Start of Exercise data

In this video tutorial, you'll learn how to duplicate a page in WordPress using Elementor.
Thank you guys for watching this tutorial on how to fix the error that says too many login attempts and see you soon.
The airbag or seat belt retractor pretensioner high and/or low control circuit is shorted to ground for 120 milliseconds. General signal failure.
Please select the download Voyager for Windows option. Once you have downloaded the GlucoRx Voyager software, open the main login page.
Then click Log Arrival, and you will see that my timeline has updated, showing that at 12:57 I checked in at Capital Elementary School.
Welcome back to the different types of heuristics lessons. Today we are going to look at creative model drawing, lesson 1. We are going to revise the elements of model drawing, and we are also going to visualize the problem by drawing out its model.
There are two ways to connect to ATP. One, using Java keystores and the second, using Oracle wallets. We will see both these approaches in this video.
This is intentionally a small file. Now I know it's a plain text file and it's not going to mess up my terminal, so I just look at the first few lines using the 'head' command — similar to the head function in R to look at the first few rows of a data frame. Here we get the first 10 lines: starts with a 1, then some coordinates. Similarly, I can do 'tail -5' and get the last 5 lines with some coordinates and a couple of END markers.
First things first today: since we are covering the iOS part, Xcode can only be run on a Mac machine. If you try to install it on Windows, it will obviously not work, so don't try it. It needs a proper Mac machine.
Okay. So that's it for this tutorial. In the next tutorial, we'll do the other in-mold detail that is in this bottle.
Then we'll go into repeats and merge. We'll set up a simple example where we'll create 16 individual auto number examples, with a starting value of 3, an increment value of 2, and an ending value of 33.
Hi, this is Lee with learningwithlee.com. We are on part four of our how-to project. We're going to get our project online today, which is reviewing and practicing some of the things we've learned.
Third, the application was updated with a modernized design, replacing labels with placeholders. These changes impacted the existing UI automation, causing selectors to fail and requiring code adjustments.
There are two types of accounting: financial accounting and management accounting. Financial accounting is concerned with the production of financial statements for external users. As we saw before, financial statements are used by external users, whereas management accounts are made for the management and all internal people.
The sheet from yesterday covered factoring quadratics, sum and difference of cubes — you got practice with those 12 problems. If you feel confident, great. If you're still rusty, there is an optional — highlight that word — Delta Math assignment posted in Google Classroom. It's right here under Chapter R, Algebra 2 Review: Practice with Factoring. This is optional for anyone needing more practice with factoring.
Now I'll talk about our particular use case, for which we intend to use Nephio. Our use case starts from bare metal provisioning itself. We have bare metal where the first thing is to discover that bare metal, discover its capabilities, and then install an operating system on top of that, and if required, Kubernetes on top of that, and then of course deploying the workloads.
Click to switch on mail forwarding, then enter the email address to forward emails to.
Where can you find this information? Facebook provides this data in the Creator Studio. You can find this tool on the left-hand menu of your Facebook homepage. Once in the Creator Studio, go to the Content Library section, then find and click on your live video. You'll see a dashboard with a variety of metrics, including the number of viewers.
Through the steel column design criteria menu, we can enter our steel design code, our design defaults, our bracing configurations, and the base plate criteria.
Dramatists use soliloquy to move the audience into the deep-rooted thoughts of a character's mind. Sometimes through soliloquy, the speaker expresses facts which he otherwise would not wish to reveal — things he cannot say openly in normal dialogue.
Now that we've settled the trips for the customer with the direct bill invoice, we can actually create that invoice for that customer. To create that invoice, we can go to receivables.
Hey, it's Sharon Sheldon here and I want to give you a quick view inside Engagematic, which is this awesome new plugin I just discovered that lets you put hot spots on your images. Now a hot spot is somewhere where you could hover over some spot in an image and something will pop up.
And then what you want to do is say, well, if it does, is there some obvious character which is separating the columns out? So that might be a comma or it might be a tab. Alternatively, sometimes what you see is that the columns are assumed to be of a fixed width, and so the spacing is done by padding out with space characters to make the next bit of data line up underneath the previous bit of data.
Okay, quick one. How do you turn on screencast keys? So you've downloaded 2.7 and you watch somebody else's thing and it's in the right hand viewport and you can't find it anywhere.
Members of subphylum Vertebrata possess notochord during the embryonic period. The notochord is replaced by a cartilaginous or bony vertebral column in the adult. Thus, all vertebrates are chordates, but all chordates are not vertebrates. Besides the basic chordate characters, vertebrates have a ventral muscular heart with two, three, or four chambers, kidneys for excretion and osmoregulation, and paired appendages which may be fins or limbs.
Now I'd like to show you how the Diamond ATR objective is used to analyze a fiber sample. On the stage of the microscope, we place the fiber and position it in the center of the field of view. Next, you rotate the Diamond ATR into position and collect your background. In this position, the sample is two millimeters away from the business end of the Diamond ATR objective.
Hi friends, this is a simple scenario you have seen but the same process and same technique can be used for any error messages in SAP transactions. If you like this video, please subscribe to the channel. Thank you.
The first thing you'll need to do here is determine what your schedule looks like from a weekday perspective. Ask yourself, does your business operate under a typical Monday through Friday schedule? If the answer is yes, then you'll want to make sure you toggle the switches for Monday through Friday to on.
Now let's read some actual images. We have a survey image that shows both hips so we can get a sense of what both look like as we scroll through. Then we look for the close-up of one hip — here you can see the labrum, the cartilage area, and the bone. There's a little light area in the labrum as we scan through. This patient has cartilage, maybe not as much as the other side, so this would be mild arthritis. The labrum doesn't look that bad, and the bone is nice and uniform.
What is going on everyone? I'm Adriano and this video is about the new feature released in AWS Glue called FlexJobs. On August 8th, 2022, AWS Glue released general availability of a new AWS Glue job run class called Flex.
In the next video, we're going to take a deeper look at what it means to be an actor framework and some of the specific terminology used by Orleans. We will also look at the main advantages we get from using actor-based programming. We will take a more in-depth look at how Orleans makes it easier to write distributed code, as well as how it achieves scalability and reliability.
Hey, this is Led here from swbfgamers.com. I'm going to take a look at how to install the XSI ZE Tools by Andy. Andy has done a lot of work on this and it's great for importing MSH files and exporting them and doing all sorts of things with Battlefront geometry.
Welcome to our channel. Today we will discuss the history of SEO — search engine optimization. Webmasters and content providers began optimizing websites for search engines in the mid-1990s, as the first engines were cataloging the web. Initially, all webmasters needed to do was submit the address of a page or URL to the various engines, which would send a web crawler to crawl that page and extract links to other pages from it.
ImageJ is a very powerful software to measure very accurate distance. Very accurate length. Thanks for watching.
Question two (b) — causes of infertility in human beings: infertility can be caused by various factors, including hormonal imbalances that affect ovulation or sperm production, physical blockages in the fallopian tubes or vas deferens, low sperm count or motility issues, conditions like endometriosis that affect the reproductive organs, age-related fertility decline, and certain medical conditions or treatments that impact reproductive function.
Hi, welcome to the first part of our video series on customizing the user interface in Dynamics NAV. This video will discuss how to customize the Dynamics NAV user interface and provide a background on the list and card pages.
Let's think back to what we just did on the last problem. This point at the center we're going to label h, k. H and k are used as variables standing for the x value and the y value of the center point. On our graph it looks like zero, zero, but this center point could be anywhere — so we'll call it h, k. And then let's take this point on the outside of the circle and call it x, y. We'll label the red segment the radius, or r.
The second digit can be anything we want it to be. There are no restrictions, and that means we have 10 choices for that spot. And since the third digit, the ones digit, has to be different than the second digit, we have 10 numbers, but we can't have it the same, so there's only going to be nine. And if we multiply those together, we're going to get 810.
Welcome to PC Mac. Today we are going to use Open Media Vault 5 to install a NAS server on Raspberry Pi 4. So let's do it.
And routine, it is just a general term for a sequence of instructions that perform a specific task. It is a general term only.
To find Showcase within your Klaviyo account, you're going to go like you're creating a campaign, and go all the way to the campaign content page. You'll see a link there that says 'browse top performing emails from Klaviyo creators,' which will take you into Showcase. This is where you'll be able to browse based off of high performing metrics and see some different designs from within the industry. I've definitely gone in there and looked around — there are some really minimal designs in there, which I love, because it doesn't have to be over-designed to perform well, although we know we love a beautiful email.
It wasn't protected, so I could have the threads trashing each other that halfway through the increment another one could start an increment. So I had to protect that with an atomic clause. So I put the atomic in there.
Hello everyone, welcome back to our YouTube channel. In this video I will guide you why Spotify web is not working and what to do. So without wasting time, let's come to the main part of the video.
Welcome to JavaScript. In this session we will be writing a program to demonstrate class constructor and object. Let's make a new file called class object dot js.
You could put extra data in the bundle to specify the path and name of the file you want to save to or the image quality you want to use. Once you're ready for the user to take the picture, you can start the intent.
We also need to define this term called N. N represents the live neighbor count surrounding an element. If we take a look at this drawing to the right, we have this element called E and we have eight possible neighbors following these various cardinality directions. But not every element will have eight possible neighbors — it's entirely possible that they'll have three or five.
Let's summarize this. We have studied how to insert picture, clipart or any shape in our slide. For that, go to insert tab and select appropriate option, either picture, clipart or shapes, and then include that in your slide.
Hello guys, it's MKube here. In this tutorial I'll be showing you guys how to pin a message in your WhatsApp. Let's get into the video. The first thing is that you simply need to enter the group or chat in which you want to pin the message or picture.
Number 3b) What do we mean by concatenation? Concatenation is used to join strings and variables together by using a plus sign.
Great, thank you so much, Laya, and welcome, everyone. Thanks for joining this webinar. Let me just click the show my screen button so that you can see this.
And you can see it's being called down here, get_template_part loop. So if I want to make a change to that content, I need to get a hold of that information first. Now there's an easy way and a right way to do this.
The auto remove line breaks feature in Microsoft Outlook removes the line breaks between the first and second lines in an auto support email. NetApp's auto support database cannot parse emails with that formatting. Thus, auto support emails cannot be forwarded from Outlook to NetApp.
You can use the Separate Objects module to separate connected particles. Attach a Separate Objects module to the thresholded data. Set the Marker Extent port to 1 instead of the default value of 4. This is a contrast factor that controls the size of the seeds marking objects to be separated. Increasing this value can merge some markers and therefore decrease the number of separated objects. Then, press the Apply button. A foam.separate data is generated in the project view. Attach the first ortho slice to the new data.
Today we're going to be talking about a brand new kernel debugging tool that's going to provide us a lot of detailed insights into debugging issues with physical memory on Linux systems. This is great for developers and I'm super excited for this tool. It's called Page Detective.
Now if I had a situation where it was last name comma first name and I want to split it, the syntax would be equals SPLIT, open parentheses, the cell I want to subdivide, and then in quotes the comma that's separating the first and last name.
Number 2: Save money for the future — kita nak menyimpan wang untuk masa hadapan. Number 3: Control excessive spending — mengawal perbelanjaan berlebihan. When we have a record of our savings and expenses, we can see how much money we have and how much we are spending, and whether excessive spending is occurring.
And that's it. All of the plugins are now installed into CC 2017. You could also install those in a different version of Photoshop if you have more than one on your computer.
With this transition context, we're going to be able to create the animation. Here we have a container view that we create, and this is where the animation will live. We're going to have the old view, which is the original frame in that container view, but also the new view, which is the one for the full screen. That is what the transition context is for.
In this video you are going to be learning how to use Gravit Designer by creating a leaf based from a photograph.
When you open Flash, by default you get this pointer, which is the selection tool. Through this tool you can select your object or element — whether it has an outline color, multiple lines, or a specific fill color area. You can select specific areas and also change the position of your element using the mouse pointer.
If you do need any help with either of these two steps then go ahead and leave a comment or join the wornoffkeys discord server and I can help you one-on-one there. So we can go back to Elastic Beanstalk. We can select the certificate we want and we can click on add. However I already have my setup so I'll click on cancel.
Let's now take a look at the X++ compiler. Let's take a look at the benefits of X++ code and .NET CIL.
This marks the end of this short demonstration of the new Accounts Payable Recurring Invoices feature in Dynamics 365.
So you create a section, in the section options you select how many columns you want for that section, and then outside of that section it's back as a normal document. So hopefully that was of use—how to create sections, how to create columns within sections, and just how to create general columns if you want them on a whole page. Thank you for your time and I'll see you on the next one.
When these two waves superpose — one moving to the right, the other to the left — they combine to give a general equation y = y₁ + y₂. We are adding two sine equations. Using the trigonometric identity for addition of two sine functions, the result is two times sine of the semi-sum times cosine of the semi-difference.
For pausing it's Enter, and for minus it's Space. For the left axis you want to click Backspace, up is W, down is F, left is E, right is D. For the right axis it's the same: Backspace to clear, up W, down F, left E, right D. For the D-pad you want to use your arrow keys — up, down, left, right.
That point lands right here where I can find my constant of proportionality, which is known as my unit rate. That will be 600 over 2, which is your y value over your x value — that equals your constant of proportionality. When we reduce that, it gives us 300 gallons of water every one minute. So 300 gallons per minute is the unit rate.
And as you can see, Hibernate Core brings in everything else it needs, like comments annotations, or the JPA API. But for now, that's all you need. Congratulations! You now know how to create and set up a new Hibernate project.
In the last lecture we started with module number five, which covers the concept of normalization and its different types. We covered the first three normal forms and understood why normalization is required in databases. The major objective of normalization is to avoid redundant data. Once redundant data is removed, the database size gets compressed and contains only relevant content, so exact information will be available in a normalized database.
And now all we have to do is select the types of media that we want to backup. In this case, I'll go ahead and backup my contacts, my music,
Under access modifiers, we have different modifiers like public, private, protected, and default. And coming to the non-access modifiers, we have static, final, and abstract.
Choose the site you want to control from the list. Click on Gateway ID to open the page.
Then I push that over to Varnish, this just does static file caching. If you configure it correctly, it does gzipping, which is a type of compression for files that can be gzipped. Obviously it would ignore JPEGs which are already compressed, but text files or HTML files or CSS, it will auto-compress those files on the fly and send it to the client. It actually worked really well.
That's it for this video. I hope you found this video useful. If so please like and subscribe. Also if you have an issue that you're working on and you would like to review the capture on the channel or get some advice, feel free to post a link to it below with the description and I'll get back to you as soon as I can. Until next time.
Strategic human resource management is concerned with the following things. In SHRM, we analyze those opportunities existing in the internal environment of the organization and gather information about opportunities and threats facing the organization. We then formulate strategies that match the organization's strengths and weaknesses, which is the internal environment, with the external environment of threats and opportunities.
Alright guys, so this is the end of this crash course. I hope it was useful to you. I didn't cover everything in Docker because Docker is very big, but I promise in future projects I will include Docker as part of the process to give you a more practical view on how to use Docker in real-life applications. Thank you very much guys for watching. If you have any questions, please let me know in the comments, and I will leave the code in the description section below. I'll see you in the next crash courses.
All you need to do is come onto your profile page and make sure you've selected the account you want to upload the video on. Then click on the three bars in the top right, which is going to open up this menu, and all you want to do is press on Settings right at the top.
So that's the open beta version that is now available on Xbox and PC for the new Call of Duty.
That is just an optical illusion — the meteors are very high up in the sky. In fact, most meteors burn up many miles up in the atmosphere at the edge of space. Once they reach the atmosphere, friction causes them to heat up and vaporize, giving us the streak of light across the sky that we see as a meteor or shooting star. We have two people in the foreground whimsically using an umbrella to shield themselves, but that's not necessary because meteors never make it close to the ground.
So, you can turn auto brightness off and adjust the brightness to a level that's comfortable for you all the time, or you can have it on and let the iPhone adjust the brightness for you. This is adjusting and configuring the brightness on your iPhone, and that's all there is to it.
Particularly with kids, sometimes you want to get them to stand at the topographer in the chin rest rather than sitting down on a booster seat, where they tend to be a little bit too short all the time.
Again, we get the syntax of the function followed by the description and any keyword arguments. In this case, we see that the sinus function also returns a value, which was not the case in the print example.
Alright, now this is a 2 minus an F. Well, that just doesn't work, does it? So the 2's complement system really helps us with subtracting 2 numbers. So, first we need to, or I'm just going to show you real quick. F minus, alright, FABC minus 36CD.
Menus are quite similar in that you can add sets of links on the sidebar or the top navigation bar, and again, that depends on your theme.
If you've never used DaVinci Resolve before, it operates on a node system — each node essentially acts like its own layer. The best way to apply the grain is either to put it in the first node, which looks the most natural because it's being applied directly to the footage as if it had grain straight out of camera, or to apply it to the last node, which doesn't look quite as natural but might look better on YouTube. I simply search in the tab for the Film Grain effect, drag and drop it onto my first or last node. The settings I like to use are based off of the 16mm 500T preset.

End of Exercise data

Only the lines from the beginning of the data above through the line containing "Welcome back to the" should be repeated, exactly as they appear.

→ Expected answer
In this video tutorial, you'll learn how to duplicate a page in WordPress using Elementor.
Thank you guys for watching this tutorial on how to fix the error that says too many login attempts and see you soon.
The airbag or seat belt retractor pretensioner high and/or low control circuit is shorted to ground for 120 milliseconds. General signal failure.
Please select the download Voyager for Windows option. Once you have downloaded the GlucoRx Voyager software, open the main login page.
Then click Log Arrival, and you will see that my timeline has updated, showing that at 12:57 I checked in at Capital Elementary School.
Welcome back to the different types of heuristics lessons. Today we are going to look at creative model drawing, lesson 1. We are going to revise the elements of model drawing, and we are also going to visualize the problem by drawing out its model.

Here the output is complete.